Extracted records
================

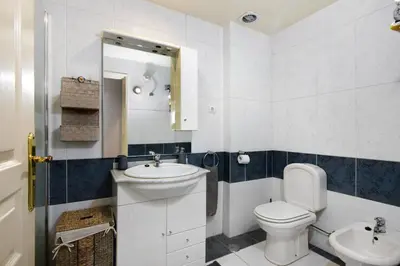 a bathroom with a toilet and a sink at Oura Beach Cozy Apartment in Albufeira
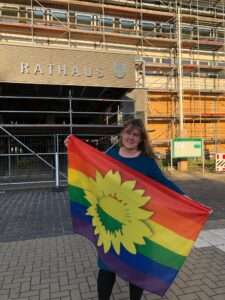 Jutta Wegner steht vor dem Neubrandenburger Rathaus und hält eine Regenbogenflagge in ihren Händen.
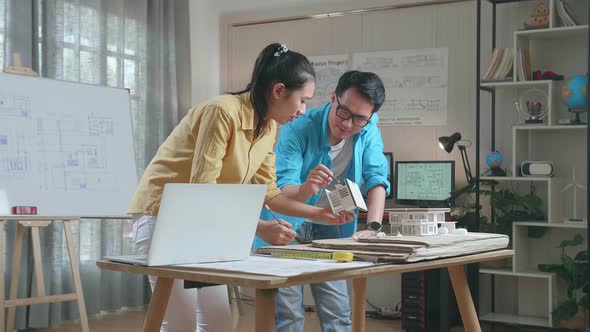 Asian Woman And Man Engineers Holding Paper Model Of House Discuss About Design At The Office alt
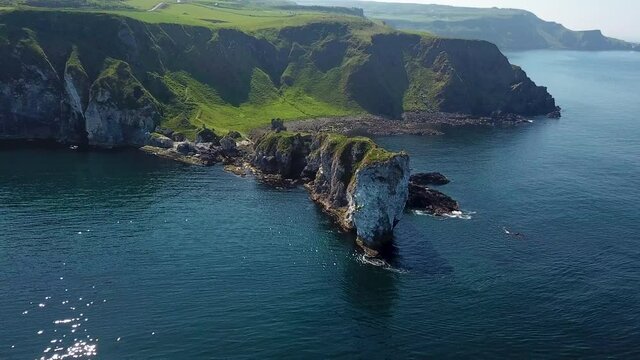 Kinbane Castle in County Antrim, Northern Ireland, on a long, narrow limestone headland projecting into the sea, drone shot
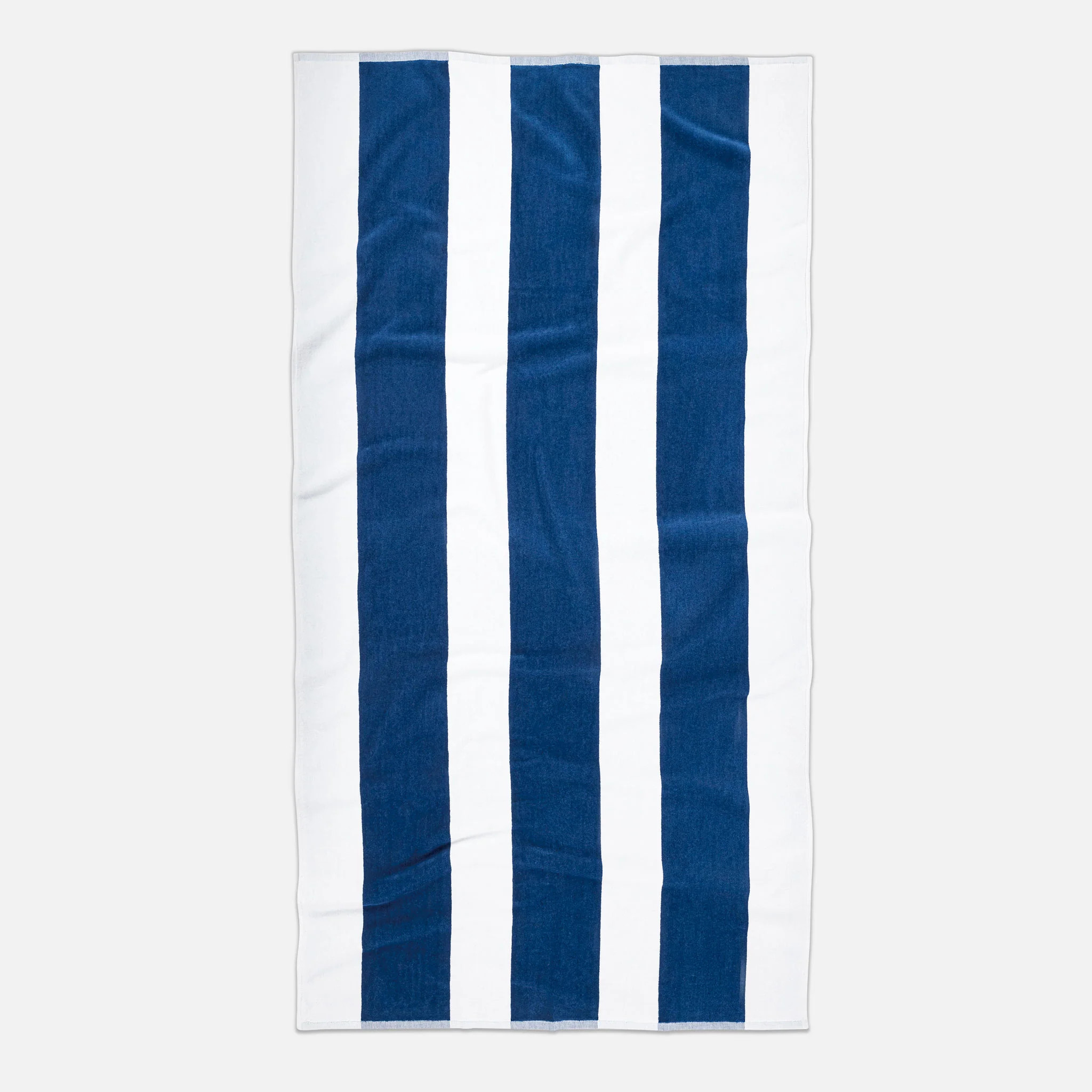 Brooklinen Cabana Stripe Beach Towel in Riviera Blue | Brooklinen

================

What is expected →
Leave the pictures out and output all of the data verbatim.

Response to the task →
 a bathroom with a toilet and a sink at Oura Beach Cozy Apartment in Albufeira
 Jutta Wegner steht vor dem Neubrandenburger Rathaus und hält eine Regenbogenflagge in ihren Händen.
 Asian Woman And Man Engineers Holding Paper Model Of House Discuss About Design At The Office alt
 Kinbane Castle in County Antrim, Northern Ireland, on a long, narrow limestone headland projecting into the sea, drone shot
 Brooklinen Cabana Stripe Beach Towel in Riviera Blue | Brooklinen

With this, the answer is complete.